The question we have asked over and over here at StandardSacredText.com is whether the Multiple Version Only position is in “conformity to God’s revelation.” We have argued that one sacred text comports quite easily with one God, one faith, one Spirit, one Savior, one Gospel etc. But the MVO crowd have yet to provide any argument to show their “conformity to God’s revelation.” In fact, the response that we most often get is, “Read the Bible that makes sense to you.” If the Bible is Canon or the Rule which rules over us and we can read whatever Rule makes sense to us [so long as our academic overlords deem it a Bible], then why can’t we be what makes sense to us? In other words, if we can pick the Rule we can pick how we are ruled.

Note that the hallmark of this sense/emotion is that it be “sincere,” not that it can be defended from Scripture and not that it makes any rational sense. All that matters is that you hold to multiple versions with sincerity and that is enough for your position to resist all objections.

I have often asked myself why so many people, from back-woodsy college professors to elite Ivy League divinity school professors, could not resist attacking KJV adherents. Why the disdain? Why the derision? Why the contempt? The MVO position is the prevailing position in the Western Church. The MVO position is the prevailing position in the colleges, seminaries, and divinity schools. They have had a run of the place for the last 150 years. How is it that the Traditional Text position or the Ecclesiastical Text position or the Confessional Text position could be a threat to such a monopolous goliath?
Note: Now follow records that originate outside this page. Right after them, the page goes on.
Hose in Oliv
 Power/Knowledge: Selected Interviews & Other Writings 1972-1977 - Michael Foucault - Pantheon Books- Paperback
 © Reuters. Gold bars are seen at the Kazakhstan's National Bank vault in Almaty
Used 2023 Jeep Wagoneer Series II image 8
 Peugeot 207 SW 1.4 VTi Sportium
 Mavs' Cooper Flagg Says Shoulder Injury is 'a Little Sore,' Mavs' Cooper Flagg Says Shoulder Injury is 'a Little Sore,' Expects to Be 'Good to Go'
An Expressive Individualist would have us think of him as an actor on a stage in a play that is all about him. When he gets up on stage we are all supposed to accept the character that he chooses to be today. If we do not, then in his mind, we hate who he is because who he is is who he chooses to be in that moment. As such, when we say that you many not choose the Rule, but that the Rule chooses you by the leading of the Spirit of God through the word of God, our interlocutors are immediately incensed. And not because we are rejecting some detached academic argument but because we are rejecting their Expressive Individualism. Each day they get up on stage and choose to be ruled by the Rule they choose and to reject their choice is to reject them because they are what they choose to be ruled by.

In sum, if which Bible you read is a matter of choice then which gender you are is also a matter of choice. If accepting special revelation [i.e., which Bible version] is a matter of preference then accepting natural revelation [i.e., which gender] is a matter of preference. You may say, “Well now you’ve gone too far! Choosing your Bible version and choosing your gender are miles apart.” No, they are not.

The Bible is the rule of all faith and practice. The Bible tells us what a man is and what a woman is. The Bible is the primary source of Christian knowledge on what counts as a man and what counts as a woman. Therefore, to say, I can choose my Bible is to infer that you can choose your own gender because you have already allowed yourself to choose the authority upon which your definition of gender primarily rests as a Christian.

If you get to choose the rule book you get to choose how the game is played. If you get to choose the rules about what makes a man, a man [i.e., you get to choose the Bible you want to read], then you are necessarily choosing how that game is played [i.e., you are choosing what makes a man, a man]. In the end, you have chosen the Rule. The Rule has not chosen you.

We are going to hang out here a bit. If you have any feedback on this line of reasoning I would appreciate it. I’ll see if I can get ahold of Dr. Trueman and ask him questions along these lines as well. Blessings.

See Part Two Here and Part Three Here

4 thoughts on “Expressive Individualism and Multiple Version Only-ism (Part 1)

  1. Paraphrasing from memory, Van Til said the Bible is authoritative on everything about which it speaks, and the Bible speaks about everything. “But from the beginning of creation God made them male and female” (Mark 10:6). “The woman shall not wear that which pertaineth unto a man, neither shall a man put on a woman’s garment; for all that do so are an abomination unto the LORD thy God” (Deuteronomy 22:5). What have I missed?